Lula, qui connaît bien la vie des ouvriers puisqu’il fut métallo lui-même,
est né en octobre 1945 à Valle Grande, l’actuel Caetés, au sein d’une
famille paysanne. A propos du jour exact de sa naissance, il a expliqué
plusieurs fois qu’elle donne lieu à une polémique familiale car son père l’
enregistra le 6 octobre et sa mère assure que ce fut le 27. Quoi qu’il en
soit, 57 ans plus tard, le sort a voulu que ces deux dates aient été celles
du premier et du second tour des élections présidentielles.

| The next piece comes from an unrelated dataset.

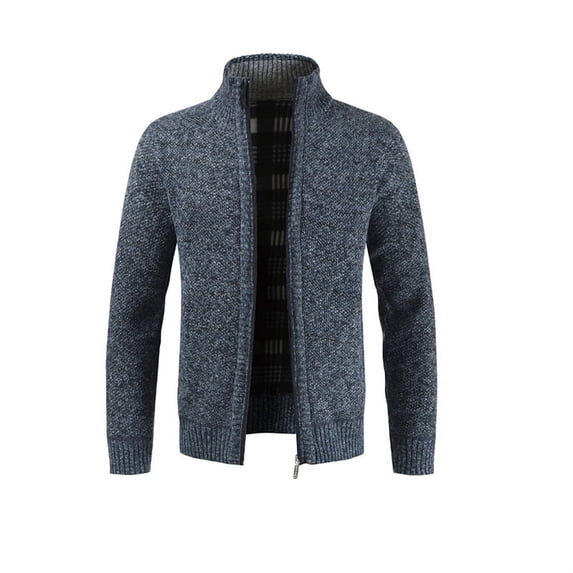 Men's Sweaters Coats Casual Slim Full Zip Thick Knitted Cardigan Sweaters with Pockets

Attentifs à ce qui se passait aux cours de ces journées, nous avons cherché
la manière de prendre contact avec Lula.
Grâce à la coopération de Giancarlo Summa et tout spécialement de Rodrigo
Savazoni, conseiller de presse de la campagne présidentielle, nous avons
atteint notre but et reçu les réponses à chacune des questions formulées,
dans un courrier émis par lulaparacuba.doc
LA ZLEA : UNE PROPOSITION INACCEPTABLE
La première question concernait la Zone de libre-échange des Amériques
(ZLEA) et ses conséquences pour les peuples habitant au sud du Rào Bravo :
« Je suis un défenseur de l’intégration latino-américaine, et pas seulement
de l’intégration économique et commerciale, mais aussi de l’intégration
politique et culturelle », indique-t-il.
« La proposition de la ZLEA dans le contexte actuel est inacceptable. Ce n’
est pas un Accord de libre commerce avec les États-Unis, c’est une
proposition d’annexion de l’économie d’Amérique du Sud et de la Caraïbe à l’
économie nord-américaine. Sans le Brésil, la ZLEA n’existe pas ; ce fait mis
à part, une véritable intégration inclut Cuba.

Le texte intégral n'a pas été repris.